Research

Multi-omic data integration

Multi-omic studies are becoming commonplace, with studies simultaneously measuring RNA sequencing, DNA methylation, chromatin accessability, and more. However, integration of these data remains challenging. We are interested in the development of methods to extract meaningful shared signal from these data and their application to the biology of human complex traits and disease. Canonical Correlation Analysis (CCA) represents a natural framework for thinking about these problems in genomics. As a graduate student, BCB helped develop Principal Component Correlation Analysis, which we used to find under-appreciated population structure in the GEUVADIS study. More recently, we developed a multi-modal extension of CCA which uses a probabilistic graphical model to simultaneously estimate shared and private features in multi-omic data.

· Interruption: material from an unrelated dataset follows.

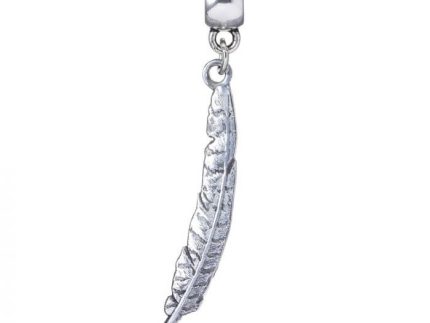 Harry Potter Feather Quill Slider Charm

Causal network inference and Mendelian randomization

Recently, the role of network structure in complex trait genetics has received renewed attention. Network structure estimation (also called causal discovery) is a challenging problem, however progress can be made by leveraging perturbation-response data, where one or more nodes in the network are perturbed and the response of the remaining variables is observed. We consider two sources of large-scale perturbation response data: large-scale CRISPR-based inhibition data, and genetic association data. Genetic variants provide a natural source of perturbations, which can be used to estimate putatively causal effects using a technique called Mendelian randomization. We have developed Welch-weighted Egger regression (WWER), a technique for fast estimation of pairwise bi-directed causal effects in bio-bank scale data, as well as inverse sparse regression (inspre), a strategy for turning a dense network of pairwise causal effects into a sparse directed graph. We have applied these techniques to the genome-wide perturb seq and UK biobank datasets.

Cross-population complex trait analysis

Human phenotypes vary in their global distributions due to a combination of genetic and environmental factors, however the vast majority of genetic studies of disease focus on individuals of European ancestry. We asked a simple question - does the same genetic variant have the same phenotypic effect in two ancestal populations? This led to the development of the cross-population genetic correlation, and one of the first studies that revealed practical concerns applying European-derived genetic information to other populations in the context of complex traits. The resulting tool popcorn is now widely used.